***** Data records

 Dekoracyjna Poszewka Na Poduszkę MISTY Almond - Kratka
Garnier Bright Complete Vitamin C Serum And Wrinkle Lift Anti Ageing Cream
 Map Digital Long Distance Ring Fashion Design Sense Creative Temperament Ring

**********
***** Data records

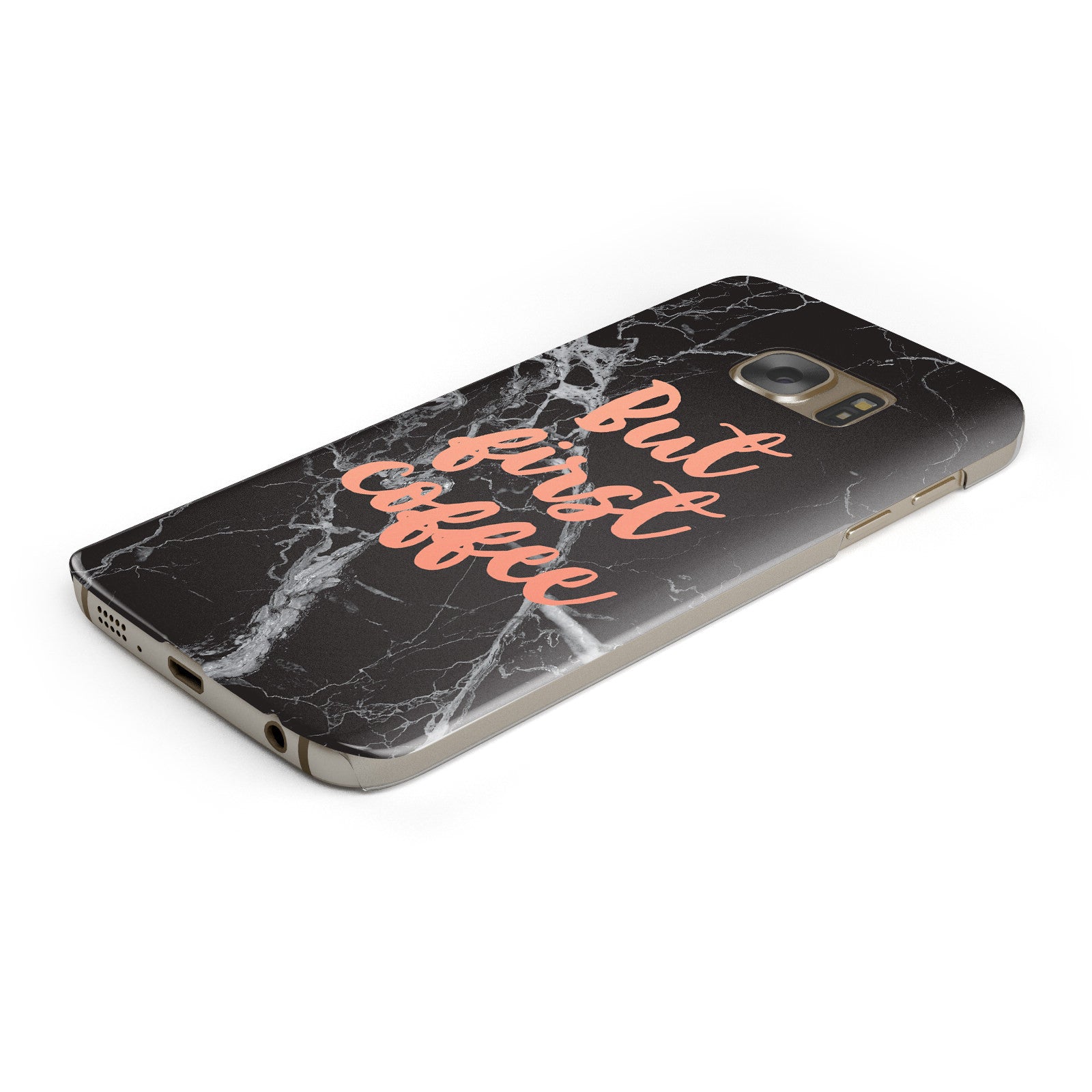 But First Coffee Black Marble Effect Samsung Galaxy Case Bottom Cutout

**********

*What is expected*
Look through the material above and print exactly the lines from the one containing "Garnier Bright Complete" to the one containing "Map Digital Long", both included, and nothing more.

*Output for this task*
Garnier Bright Complete Vitamin C Serum And Wrinkle Lift Anti Ageing Cream
 Map Digital Long Distance Ring Fashion Design Sense Creative Temperament Ring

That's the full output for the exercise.